Google Glass was first introduced back in 2013 on a limited basis. This is a hands-free, computerized eyewear with the capability of presenting information to the wearer, and facilitates recording and sharing of video. It has received great appreciation from users as it is almost like a computer right before one’s eyes. Its features range from making phone calls, taking photos or video and checking emails to scanning the internet. Plastic surgery is one of the areas in which the device could possibly play a significant role making the whole process simpler with minimal human effort and improved convenience.

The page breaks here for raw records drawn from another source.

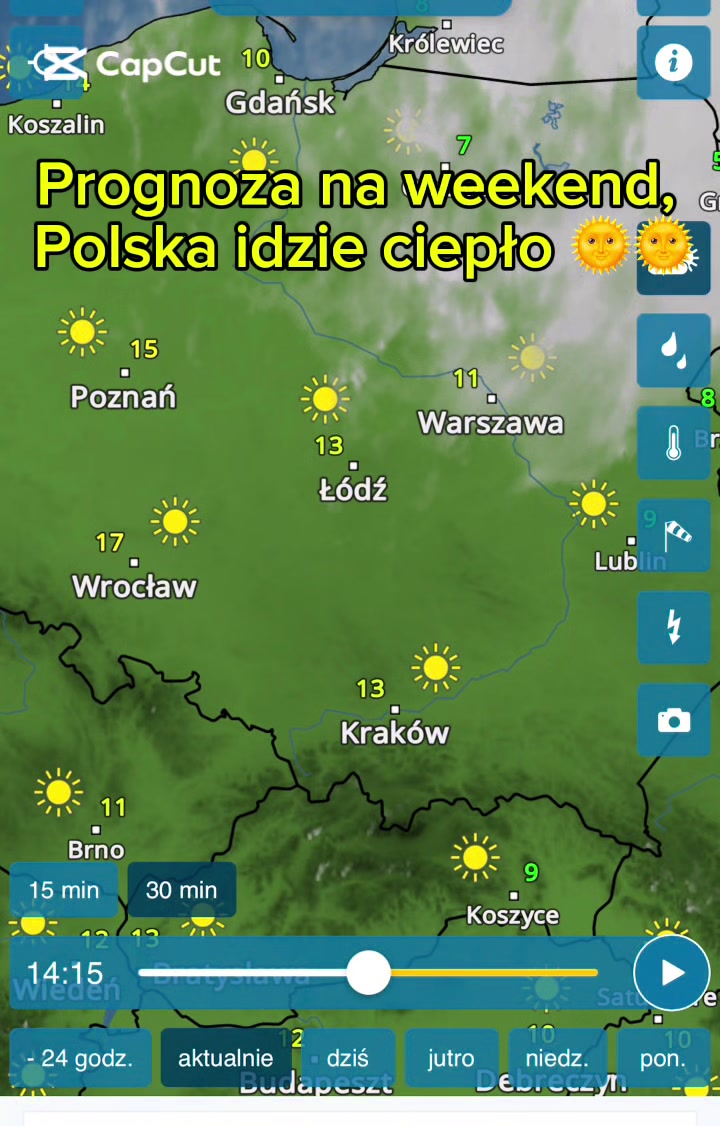 @Folwark Hutta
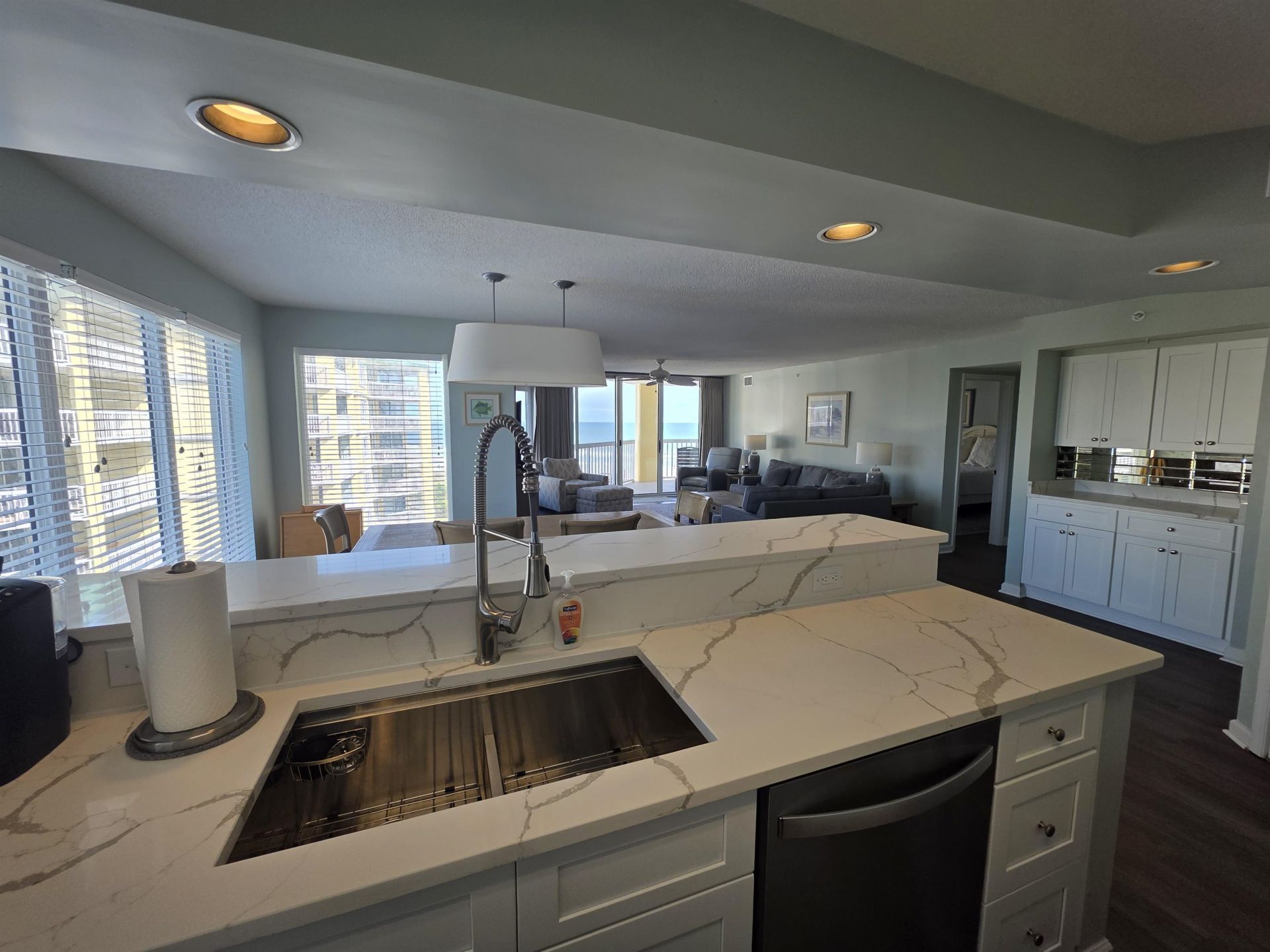 135 S Dunes Dr. Photo 16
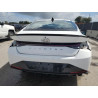 2022 HYUNDAI ELANTRA KMHLR4AF2NU233953 84788945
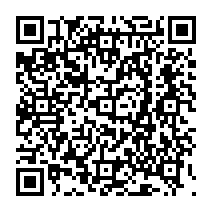 qrcode:http://college-jlhamon-plouha.ac-rennes.fr/spip.php?rubrique286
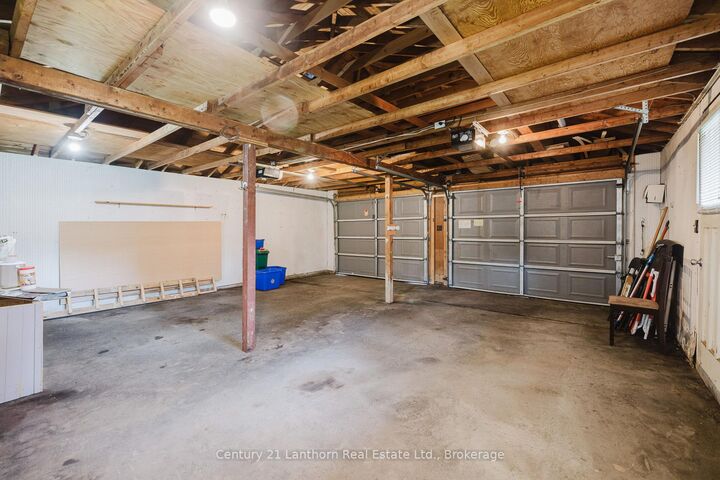 Property Photo:  23 Wood Street  ON K8V 5P6 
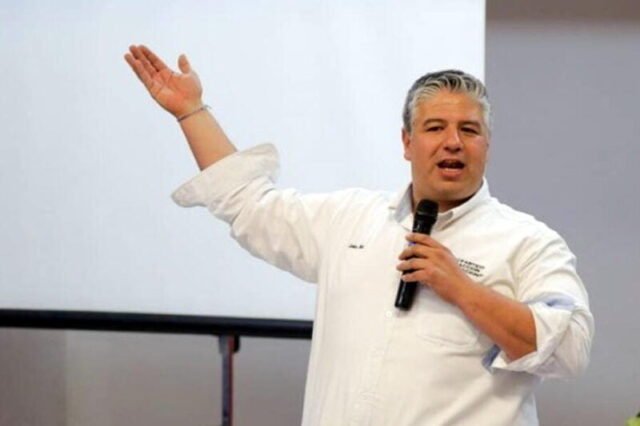 D609DC06-A855-4B68-B185-8EA16EBFAF6E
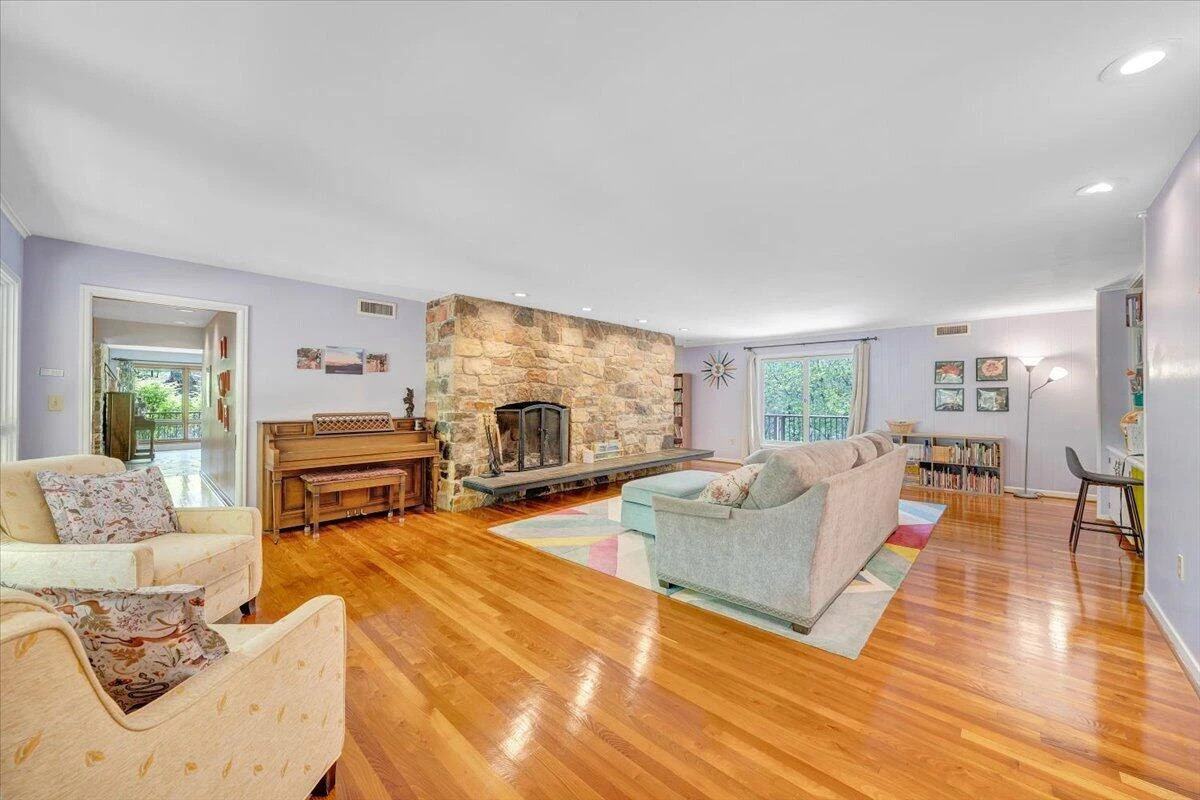 3244 Pineland RD SW - Photo 23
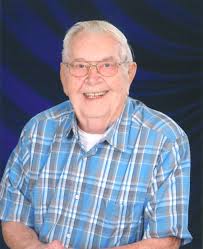 Obituaries: April 2020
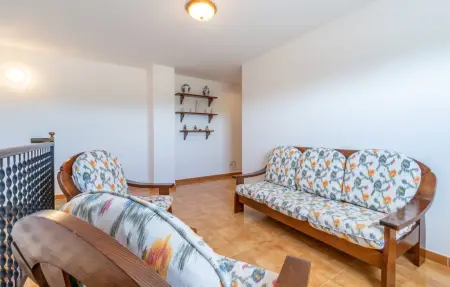 Sa Vileta, Maison 8 personnes à Sencelles - Photo 31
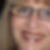 Photo de profil de Jocelyne Huilie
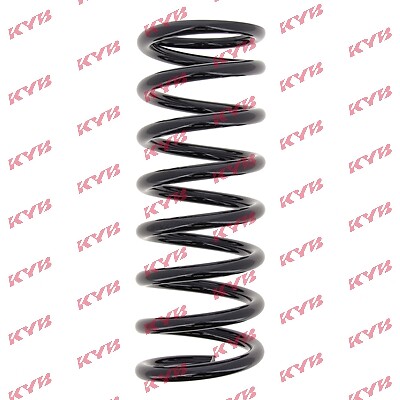 New coil spring for - new,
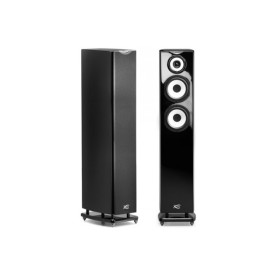 Cabasse Java MC 40 Glossy Black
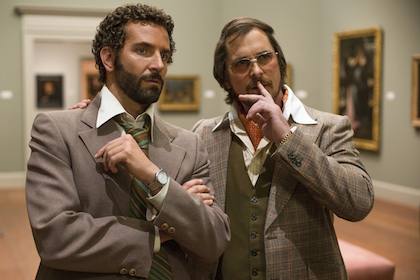 Get Psyched for the Golden Globes! Predictions for Best Comedies & Dramas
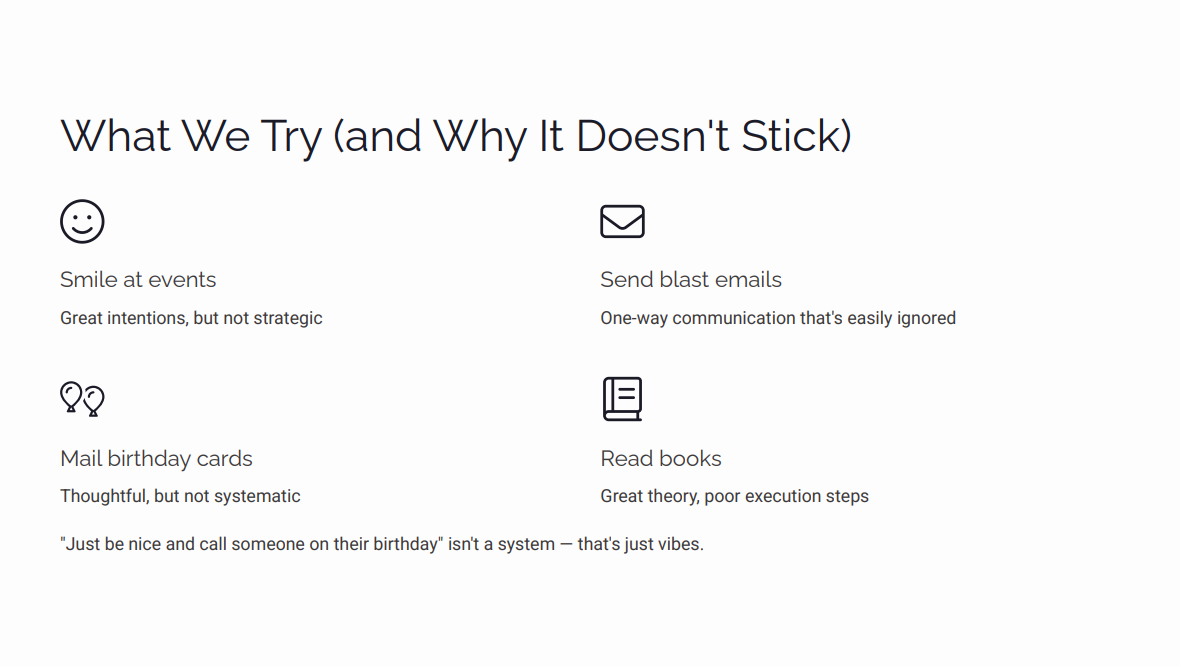 Shavua Tov Framework 4.png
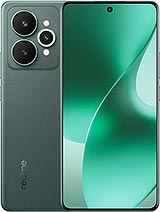 Unlock Realme 15 (India)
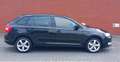 Skoda Rapid/Spaceback 1.2 105pk TSI Elegance Businesslime Zwart - thumbnail 3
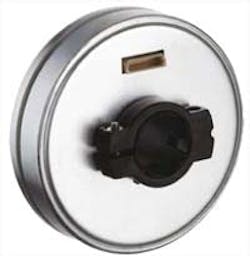 1663376591251 Stegmann 1663376591251 Stegmann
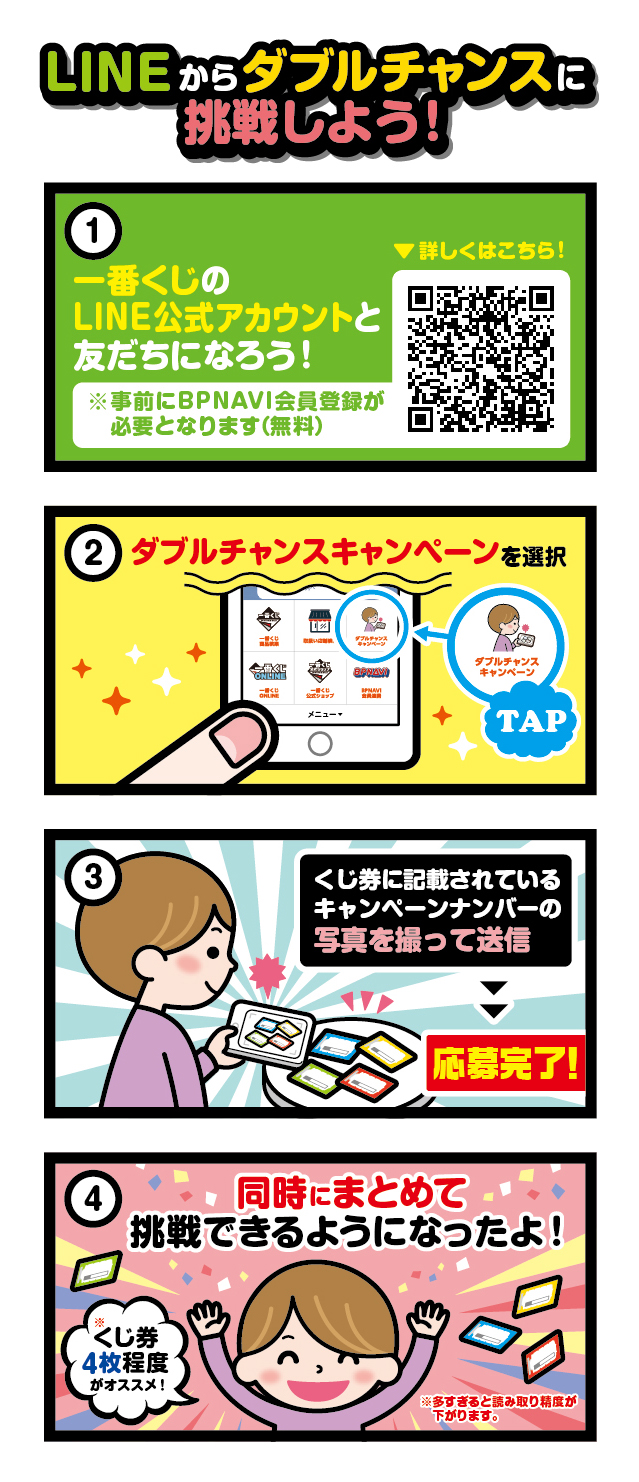 一番くじ（BANDAI SPIRITS） on X: 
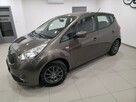 Kia Venga Serwisowany / Roczna Gwarancja GetHelp w cenie / zadbany - 3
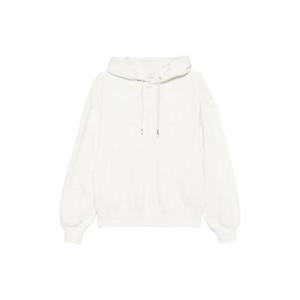 25 FW 캘빈클라인 로고 자수 후드티 LV044C210GYAS TP444917767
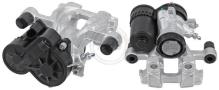 A.B.S. ALL BRAKE SYSTEMS BV. 431621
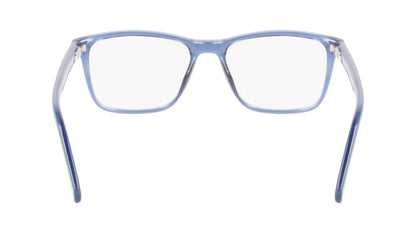 CALVIN KLEIN JEANS CKJ22302 400 48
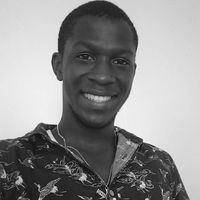 Photos de Florion Diedhiou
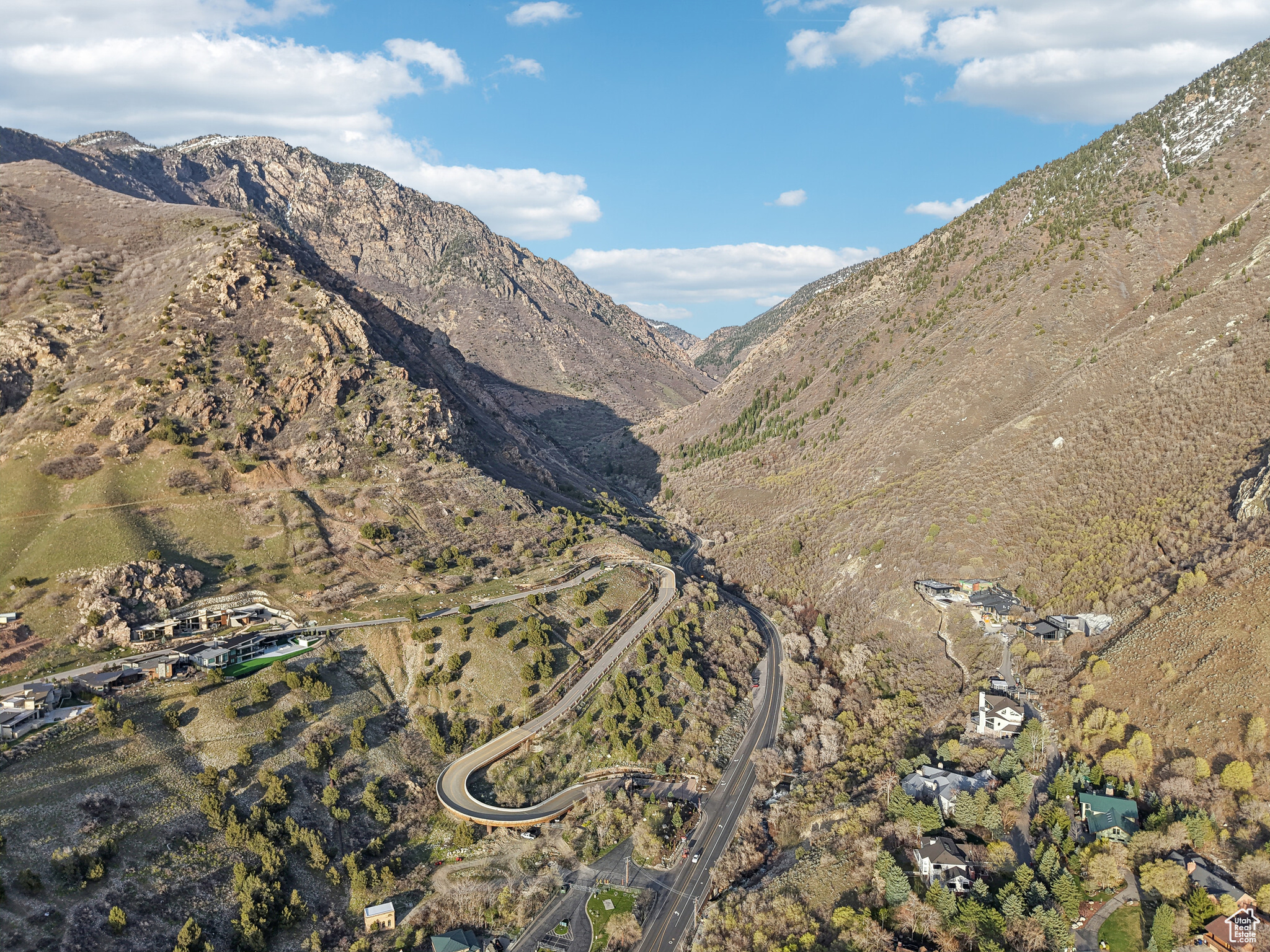 TAVACI - Residential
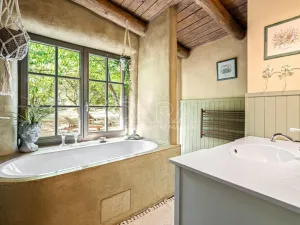 Prodej rodinného domu, Březí - Ondrušky, 144 m2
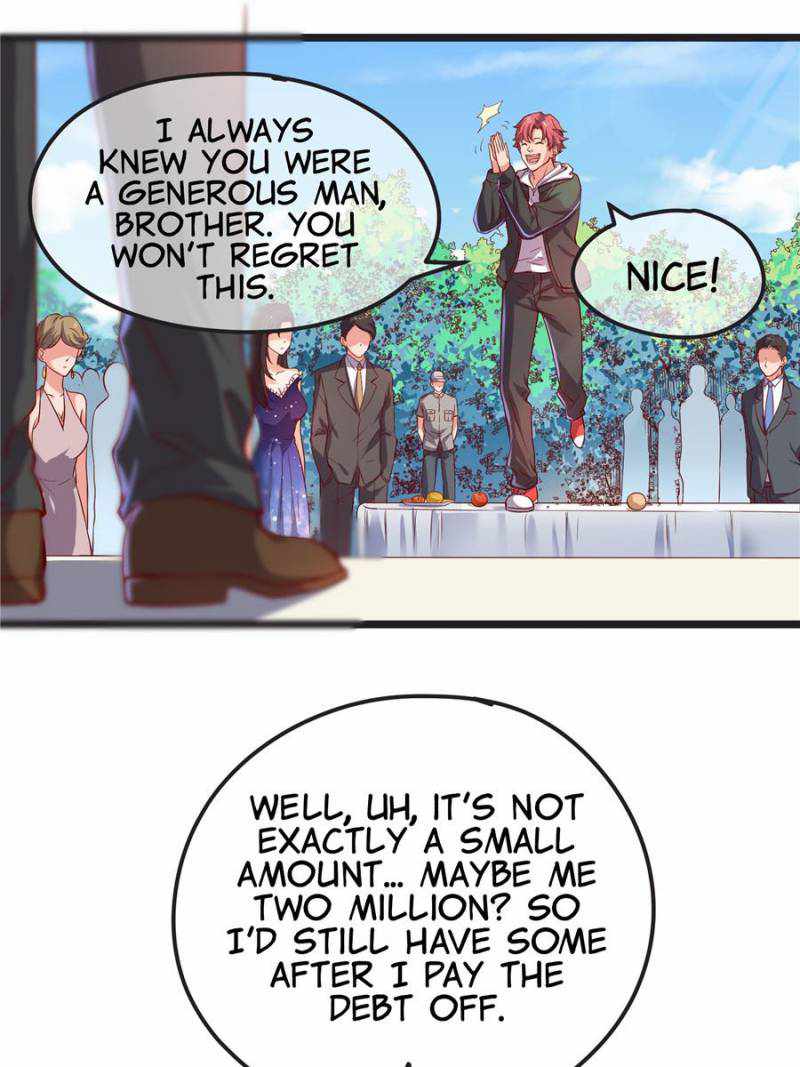 33
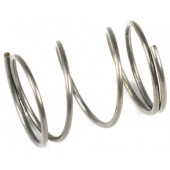 Компрессионная 233347-9 пружина 12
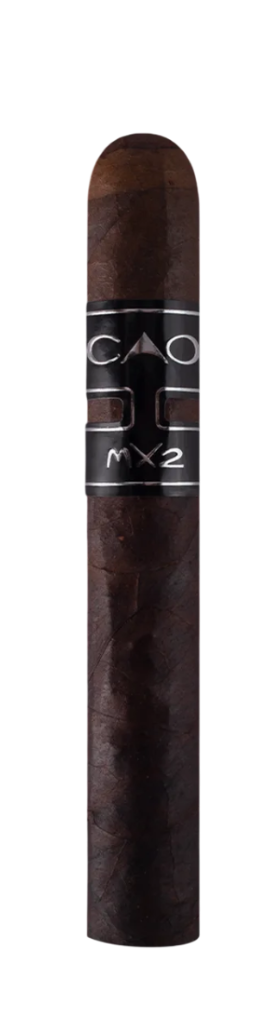 CAO MX2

This web-connected, wearable computer could really change the way surgeons perform surgery. The streaming live video facilitates access to other specialists and their opinions and evaluations in real time. Such timely interventions at various phases of a treatment could ensure fewer delays, more positive results, and fewer risks. By being more responsive, the assistants in the operating room could contribute more. Hands-free photo/video-documentation, telephone calls for emergency assistance and internet search assistance for unusual or sudden happenings within the operating room are expected to be some good applications. Surgeons can have a look at the X-rays or MRI images at times of emergency even without moving out from the operating room. In a recent report, researchers revealed the wide ranging applications of the device in plastic surgery.
The first ever plastic surgery procedure performed using this eye-wearable device has demonstrated hopeful use of Google Glass in plastic surgery in the future for advanced applications. Researchers revealed the potential applications of the device from improved surgical training, medical documentation to patient safety. The leading surgeon who performed the surgery using the device said, “Google Glass is an exciting technology, attracting global interest from multiple industries, professions and individuals.”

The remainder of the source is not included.